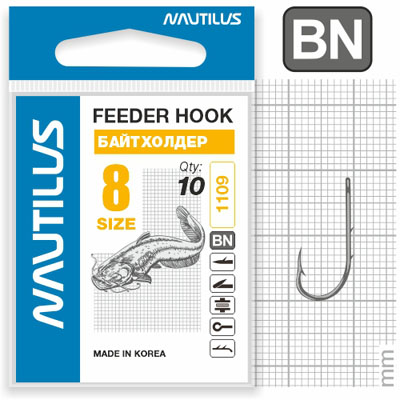 Крючок Nautilus Sting Feeder Байтхолдер S-1109BN № 8 - фото 1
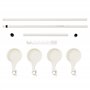 Support de Pot Fleur téléscopique Porte-Pot Stand de Plante Métal et Plastique Réglable en Hauteur Entre 110-305 cm Blanc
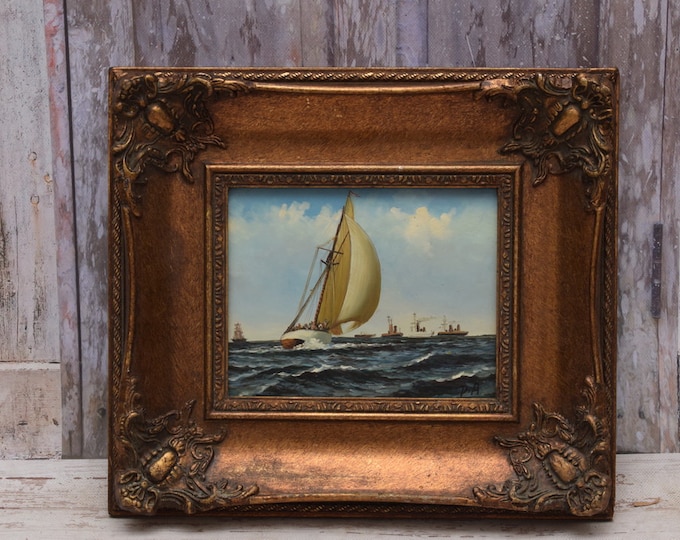 Unique Painting Boats on Sea - Painting with Golden Frame - Rough Sea Painting Art Work - Wall Decor - Amazing Home Decor - Gift Idea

# # # # #

## WHAT YOU HAVE TO DO
Output the material word for word. Pictures do not go in.

## TASK RESULT
 Крючок Nautilus Sting Feeder Байтхолдер S-1109BN № 8 - фото 1
 Support de Pot Fleur téléscopique Porte-Pot Stand de Plante Métal et Plastique Réglable en Hauteur Entre 110-305 cm Blanc
 Unique Painting Boats on Sea - Painting with Golden Frame - Rough Sea Painting Art Work - Wall Decor - Amazing Home Decor - Gift Idea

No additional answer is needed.